Subjects: Migration Amendment (Validation of Decisions) Bill 2017.
Thanks for your time this morning Peter.
Pleasure mate. Thank you.
Can you talk us through your decision to change the legislation and why you've come to that in the last 24 hours?
Yeah well Luke, the law's been around since 1998 and what it allows for is the Immigration Minister to receive information from agencies like the Australian Federal Police and ASIO, but to do it on the basis that we don't release that information.
So obviously the intelligence that they gather; it might be through informants, it might be through methods that they don't want to publicly disclose – so that's not unusual within the law enforcement or intelligence space – but they provide that information and based on that information, the Immigration Minister can decide to cancel a visa on character grounds. So it's been around a long time and if the relationship was breached – that is if the Minister disclosed that information – then I think the agencies would take a decision that they didn't want to provide information in the next case.
So there was a case that was brought before the High Court and it was resolved that…there were legal technicalities around it, but resolved that decisions in relation to those visa cancellations shouldn't stand.

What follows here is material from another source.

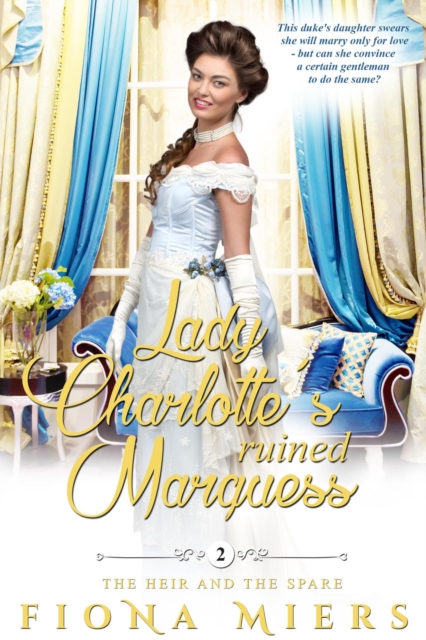 Lady Charlotte's Ruined Marquess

So what we did was passed a Bill through the Parliament which gave effect to the original decision; that is that it reinforced the decision that I had made in relation to people, including Mr Martin, people that had been involved in outlaw motorcycle gangs, been involved in organised crime, some pretty nasty characters amongst them. So it means that they won't have the decisions overturned and that their visas remain cancelled, so there's no change for them.
Peter you were knocked off six-one by the High Court yesterday – basically their thesis was that you were hiding behind the, or you were using the legislation to not put forward the reasons why these people had been extradited.

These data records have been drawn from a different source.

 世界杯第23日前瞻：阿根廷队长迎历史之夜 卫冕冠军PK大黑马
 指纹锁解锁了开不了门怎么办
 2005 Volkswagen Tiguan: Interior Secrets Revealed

Shane Martin's last recorded transgression we believe was January 2004. He was convicted and fined for possession of drug of dependence, possessing ecstasy and cannabis. He has got previous raps including unlawful assault, burglary, armed with intent, criminal damage, resisting police, where he get 250 hours of community service and a few other things.
Peter, when would you be in a position to let us know, if at all, what these people have allegedly done which would obviously add more strength to your argument that they shouldn't come back?
Well Ed, I don't want to concentrate on the Martin case in particular but…
…so make it others, we'll open it right up…
…talking in general, particularly around people that have been members of outlaw motorcycle gangs; now there are lots of families across Victoria, across the country, who are living with kids who are on ice – people are seeing it particularly in rural areas, people that have died of overdoses – the outlaw motorcycle gang members are the biggest distributers of amphetamines in this country. They are involved in extortion, they're involved in robberies, all sorts of activities.
There's a lot of information that we receive on the confidential basis because the way that it's been gathered, either through informants or other methods and the police or ASIO don't want us to release that information. So as I say, that is standard police practice and I think people can understand that.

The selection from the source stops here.